No, seriously ... I'm stupid.

But before I get into the details on why I would think such a thing I want to explain why I didn't do a run or a walk today ... in fact, the thought of training didn't even enter my mind ... until about a minute ago when I started typing my update.

I would explain why I didn't train, but they say a picture is worth a thousand words ...




My nephew Kyle got married today!!


OK ... Back to being stupid.

Thursday afternoon, after a long day at work, Pam decided to drag me to the beach for some relaxation.  Since I've rediscovered photography as a creative outlet for my stress (or at least for a fraction of my stress) I decided to take a few pictures while we were there.  Next thing I knew I was jumping amongst the rocks trying to get the perfect shot.

Yep ... that was stupid.  But in actuality my knee was feeling pretty good at the time.  Even when I jumped off the off the rocks it didn't hurt much more than it has recently.  Unfortunately the combination of rock jumping, walking across the sand and trying to outrun the incoming tide made my knee worse by that evening ... and then the next morning my left knee was a bit stiff and sore, but not to the degree that my right knee ever was.

The way I figure it is this might just be a good thing.  Since I'm already getting an MRI, and as far as I know they won't split me in half to get just the right knee, if there is an issue they'll discover it when they look at the MRI.  That may be stupid logic, but it is the best I can do at the time.

I can still walk, even walk fast for extended periods.  I can run short distances before my knee starts to hurt, but I can't possibly know that because I've been given orders not to run at all.  I am going to finish this marathon and earn my finishers medal and my beer no matter what.

By the way ... If I never post to this blog again it is because Pam has hung me upside-down and tortured me.  It seems her recollection of why we went to the beach may be a tad bit different than the version I posted here.
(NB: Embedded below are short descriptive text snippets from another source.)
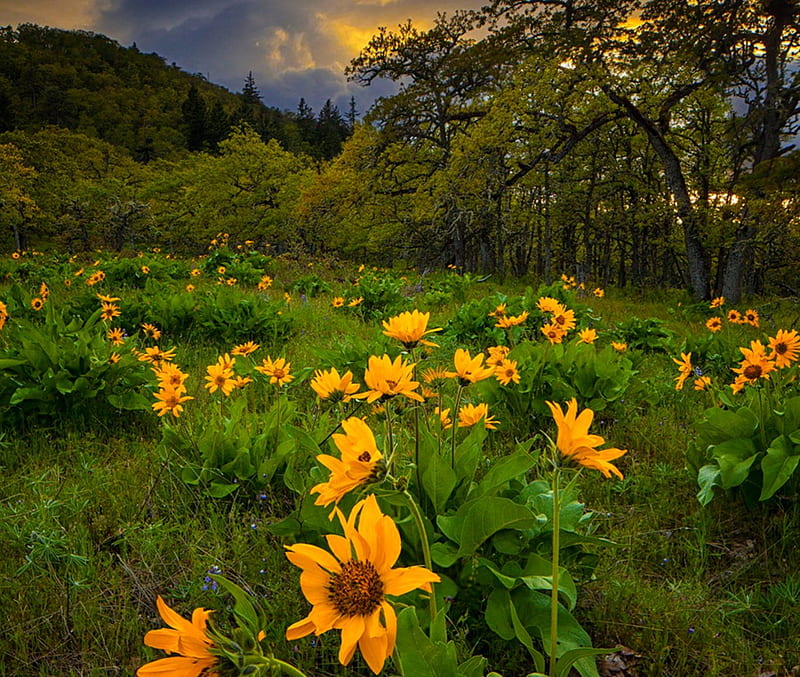 Memaloose Hills Wildflowers, grass, Oregon, bonito, trees, clouds, marguerites, mountain, flowers, sunrise, HD wallpaper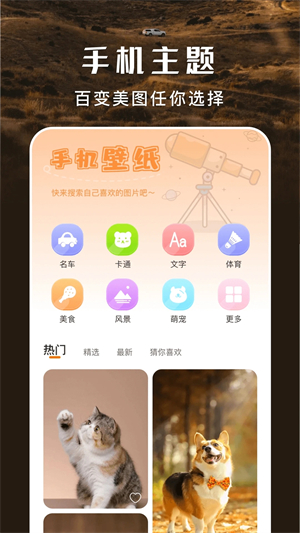 主题盒安卓仿苹果免费版下载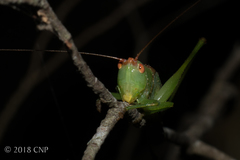 Orchelimum silvaticum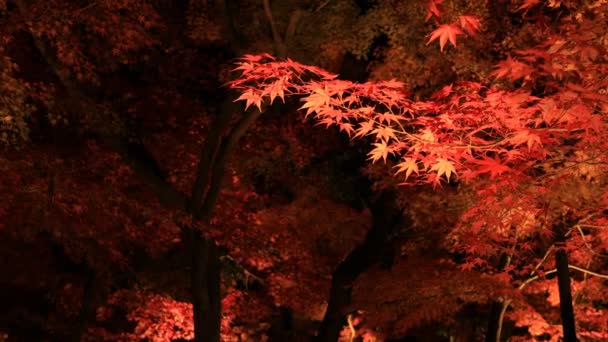 Folhas vermelhas iluminadas no parque tradicional de Eikandou em Kyoto no outono do Japão — Vídeo de Stock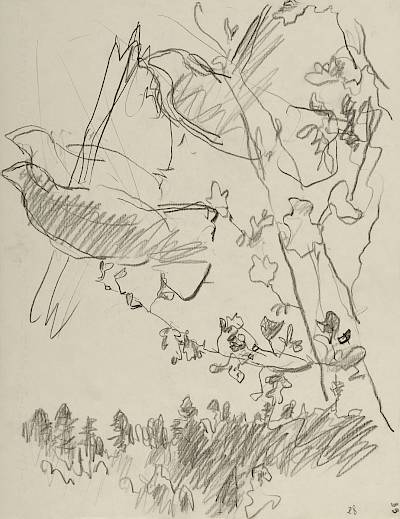 Robert Hainard - Envol de perdreaux (croquis) - Copyright Fondation Hainard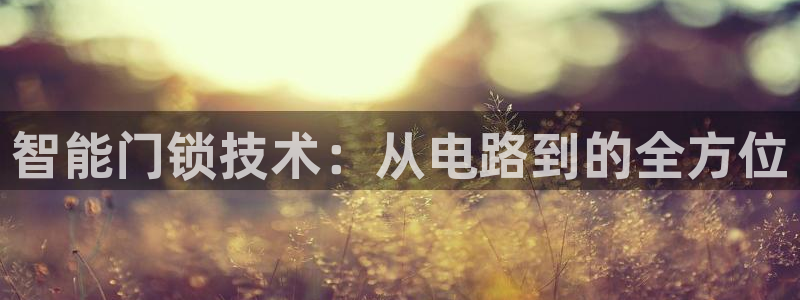 金年会平台是什么：智能门锁技术：从电路到的全方位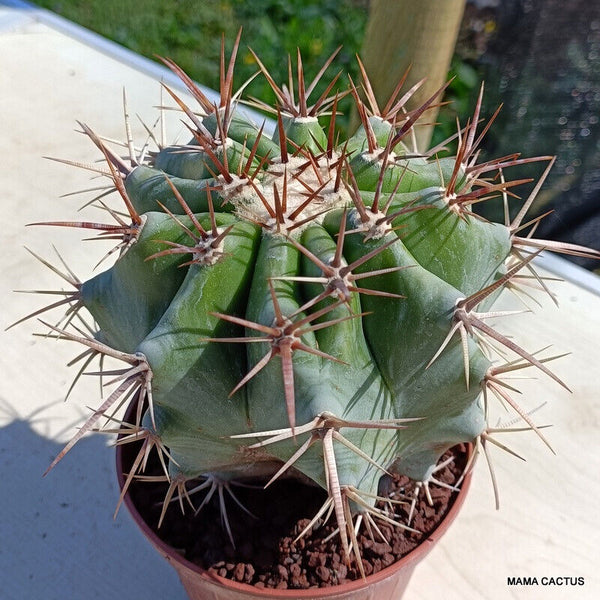 ECHINOCACTUS INGENS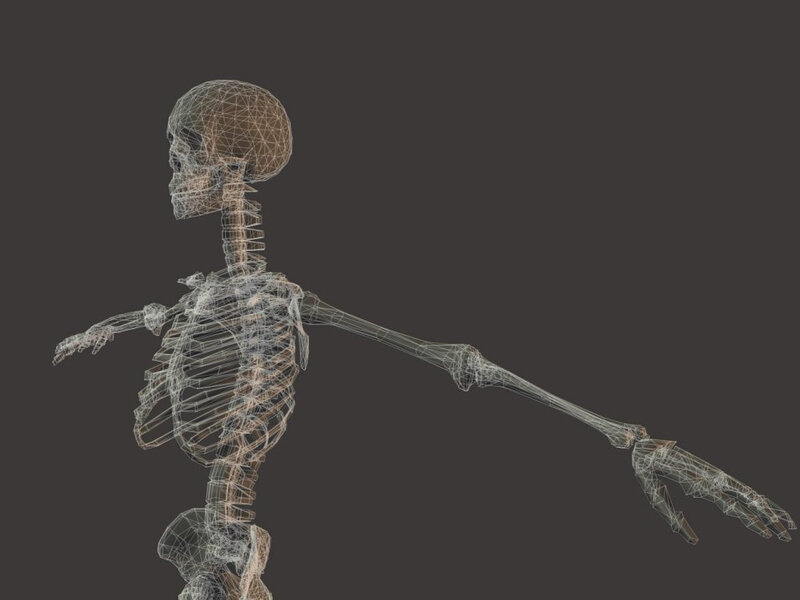Wireframe Skeleton Model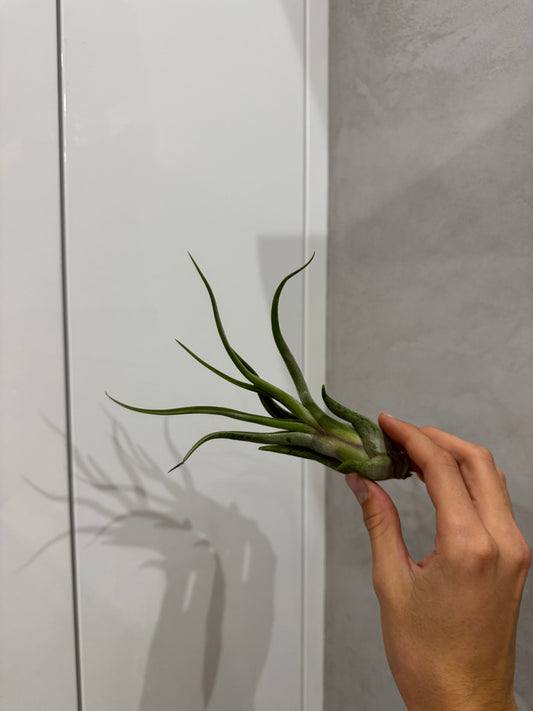 Tillandsia medusae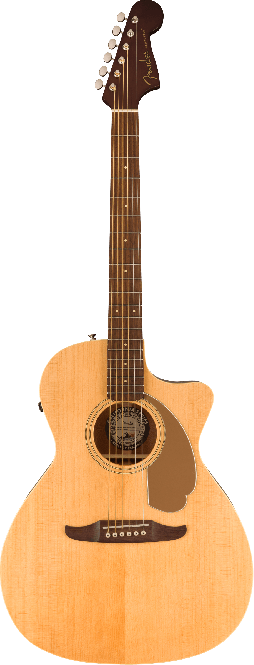 Fender NEWPORTER PLAYER NAT WN 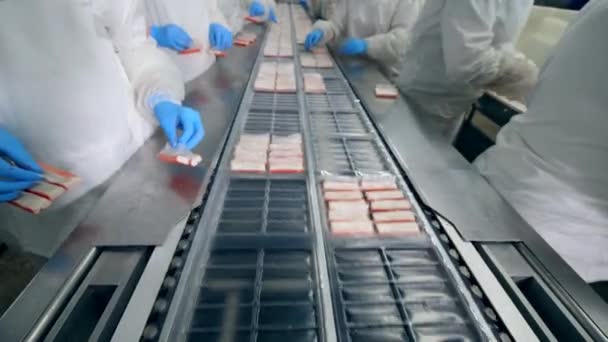 Industrial employees are putting crab sticks into plastic plates — Stock Video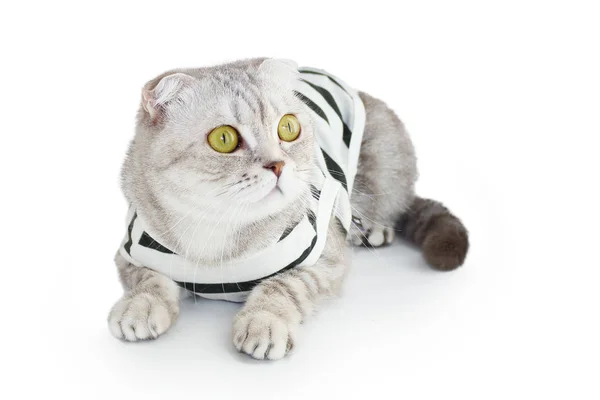 Gatto in abiti su sfondo bianco — Foto Stock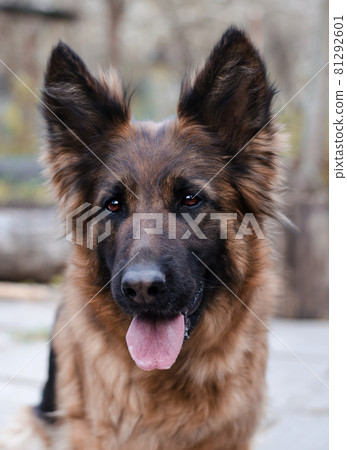 Portrait of German Shepherd dog. Photo of Dog's head. 81292601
Oh, I almost forgot!  I saw the first hummingbird hanging around the hummingbird feeder when we got home this evening!!  Hopefully soon I'll be posting pics of the little things ... That is if Pam doesn't read this and take her revenge, that is.









Thursday, May 5, 2011

Well ... I know what it isn't

My knee x-ray was good - no problems with the bones in the area.  I kind-a figured that I didn't fracture anything, but we have to rule things out to figure out what it is.
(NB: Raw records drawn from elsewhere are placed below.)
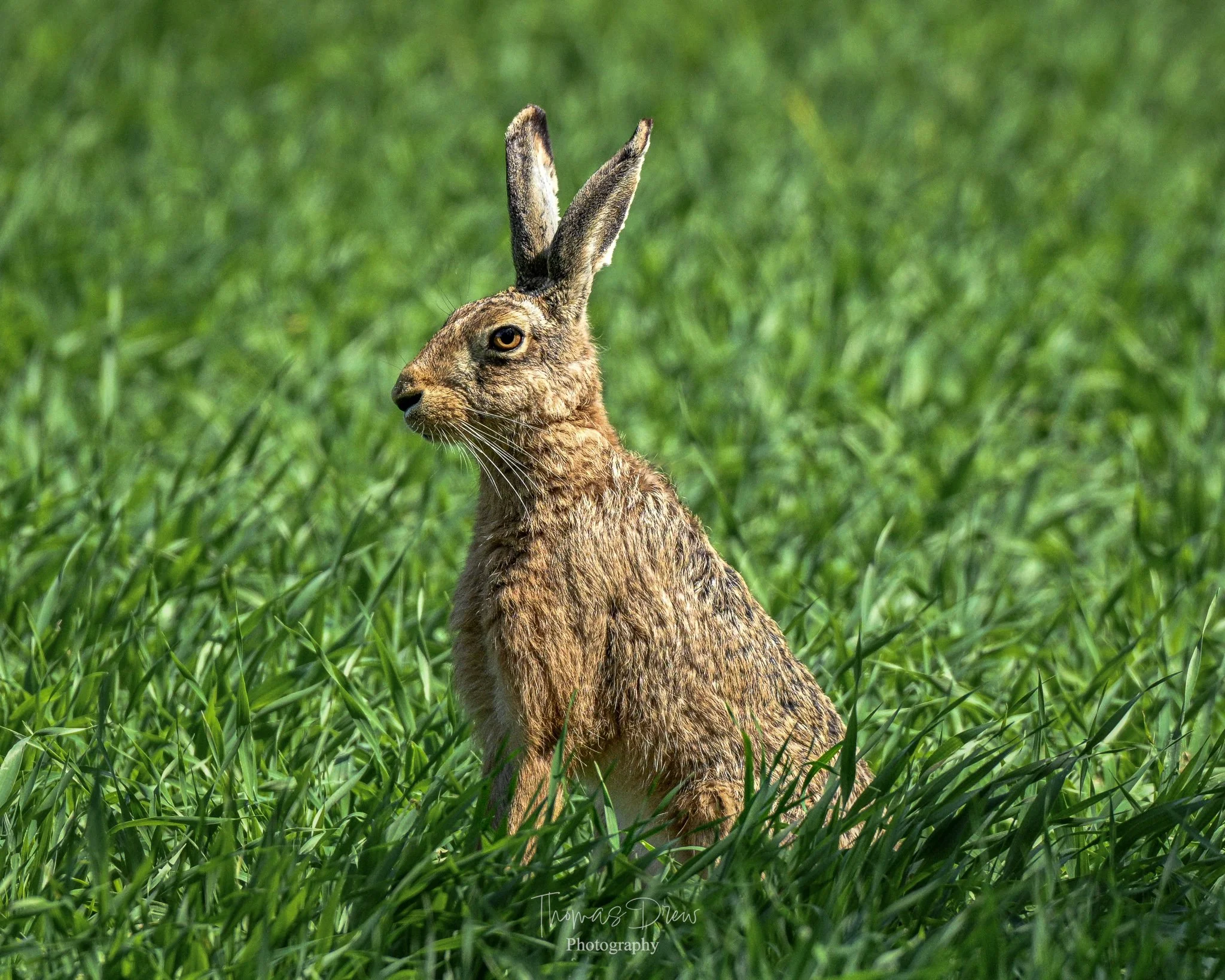 A hare sitting in green grass with tall blades, looking to the left. The hare has brown, tan, and grey fur, with long ears pointing upward.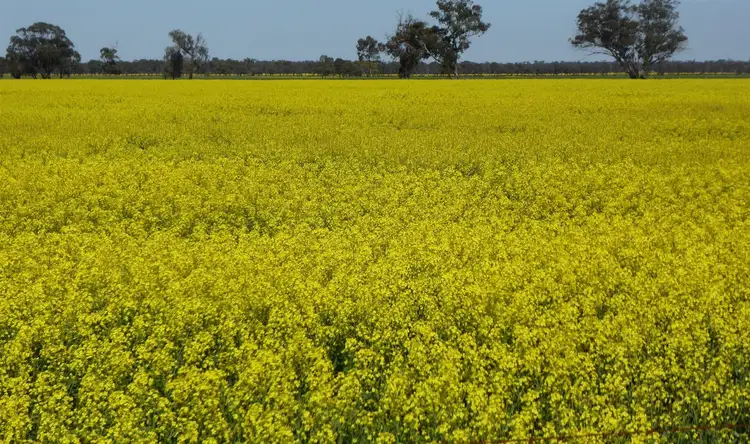Seventh view of Homely rural property listing, 763 Frances Road, Bordertown SA 5268
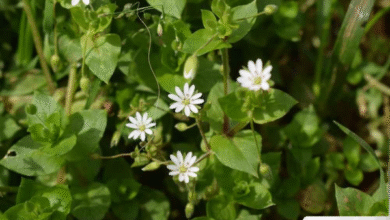 Manfaat Luar Biasa Chickweed: Khasiat & Efek Sampingnya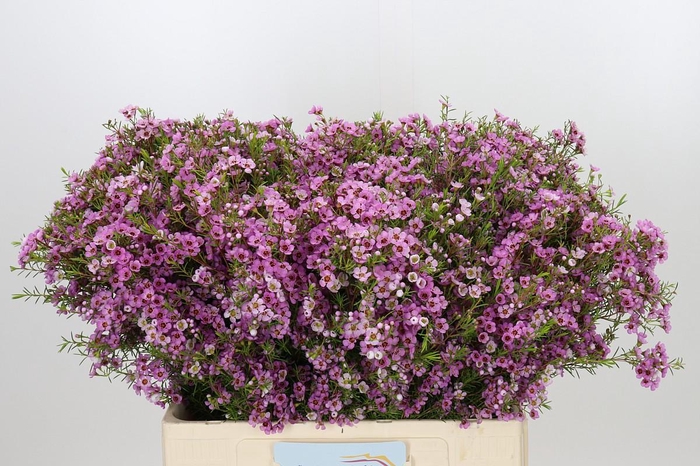 <h4>Chamelaucium Kerryn</h4>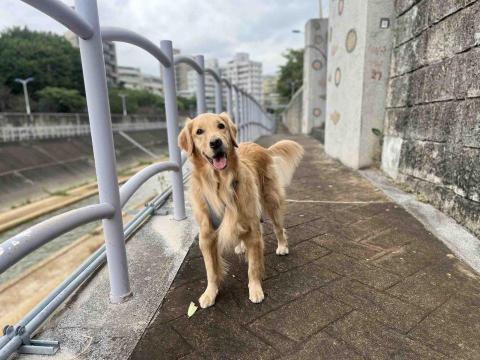 瑞塔貝瑞保姆中心 - 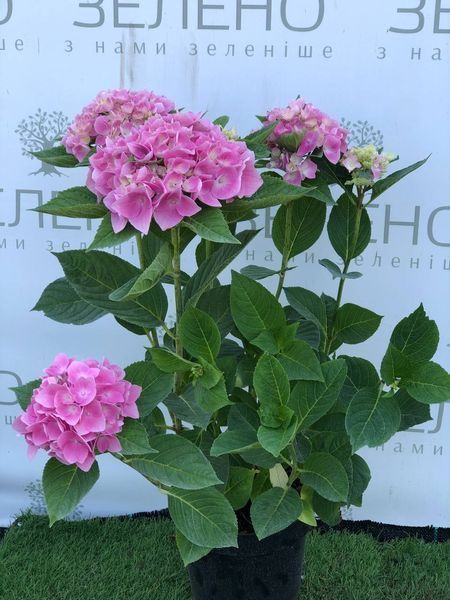 Гортензія широколиста Ankong pink / Анконг пінк, контейнер 3 л KA002 фото
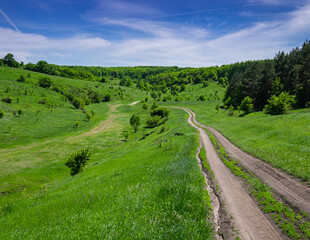 Fototapeta na wymiar Beautiful summer landscape - a road leading into the hills between the trees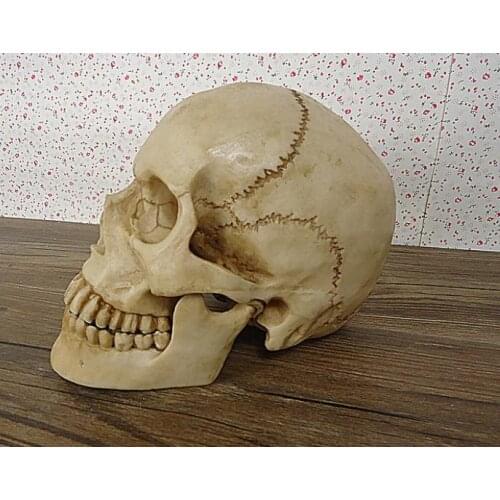 2019 Hot sale Medical model human skull head skull ghost simulation archaeological skull Halloween ghost head high simulation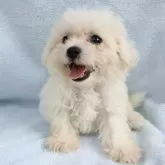 ビションフリーゼ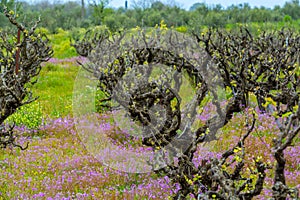 Old trunks and young green shoots of wine grape plants in rows in vineyard and spring wild flowers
The next step is an MRI.  I'd do the happy dance, but ... well ... I am a bit claustrophobic and the thought of being squeezed into a tiny tube doesn't thrill me.  And I can't dance.  Oh well.
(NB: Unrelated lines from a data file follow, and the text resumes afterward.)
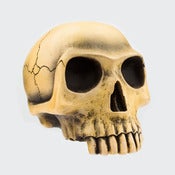 Image of Richard Cranium - Bone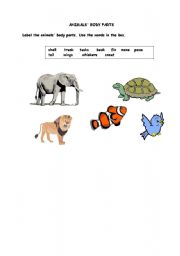 English Worksheet: animals body parts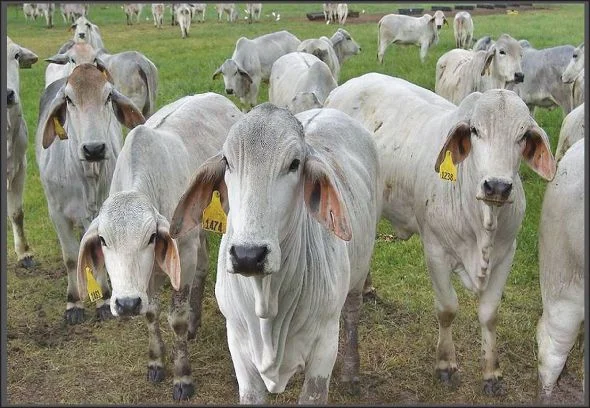 Brahman Cattle For Sale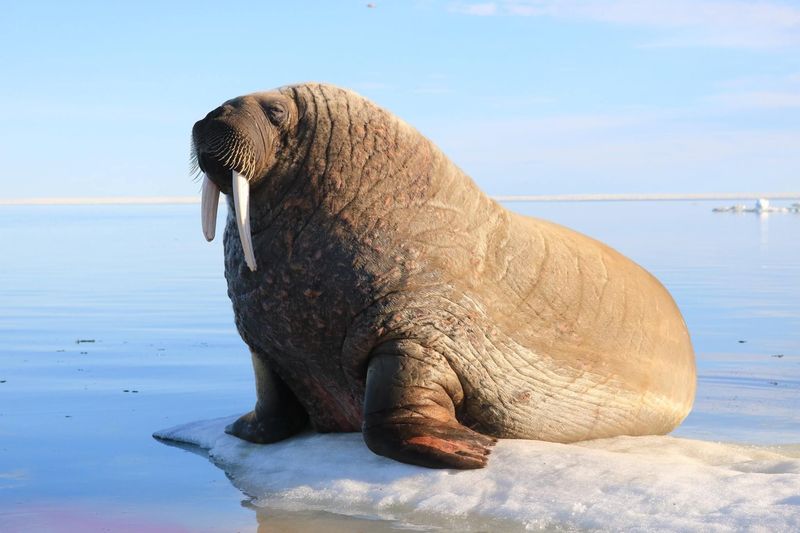 Walrus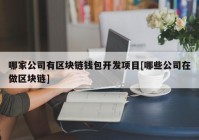 哪家公司有区块链钱包开发项目[哪些公司在做区块链]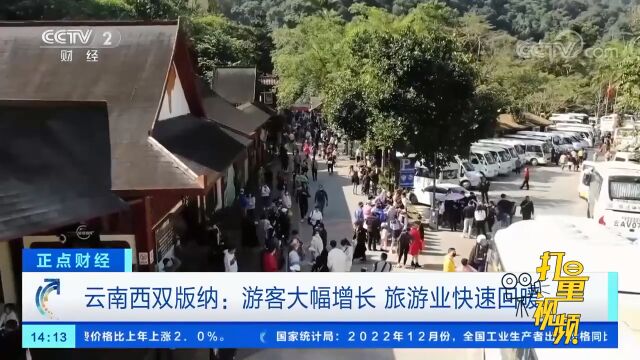 云南西双版纳:游客大幅增长,旅游业快速回暖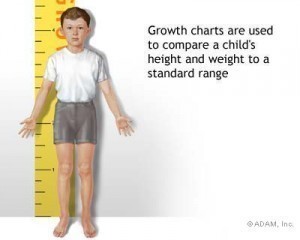 Height Weight Chart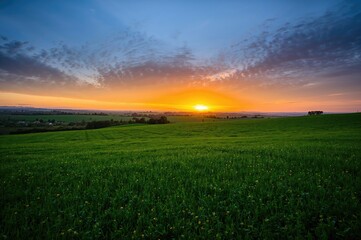 Wall Mural - gorgeous evening sky above a lush meadow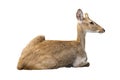 Brown deer sitting isolate white background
If the last set of referrals and approvals is an example of my insurance then I should get my MRI sometime before the end of the world in 2012.

*Sigh*

Until then I'm not supposed to run.  I can walk as much as I want and I got permission to go back to spin class so I won't lose what little progress I made over the past months, but no running.

Monday, May 2, 2011

It's time for the update

that at least I was waiting for.

Paula and Julie - Thank you for the comments.  I definitely think the description of a young, athletic person is much more accurate than the article I read ... of course the article I read said it tends to bother teenage girls.

I've done pretty good at the icing - at least twice every day if not three times.  I took the mega doses of ibuprofen.  I resisted the urge to run.  I stayed away from spin class.  And I felt so edgy and miserable it wasn't funny.

Now here's where I'm supposed to say, "My knee feel so much better.  I plan on going for a long run tomorrow."  But I can't.  There really hasn't been much of a change - at least nothing really tangible.  The doctor ordered x-rays today and I have to wait until Thursday to find out what they

I do want to know why it is that I told the x-ray techs that my knee was hurting and the first thing they did was make me twist my knee in the most awkward position ... Did they not believe me that it hurt? ... Does the x-ray see the pain? ... Oh well.

I don't plan on letting the results stop me from finishing my first marathon, it is just a matter of how much running I will be doing during the event.  The only thing that will stop me from attempting the marathon is the doctor telling me that I may cause serious damage if I try to do that distance ... Only time will tell.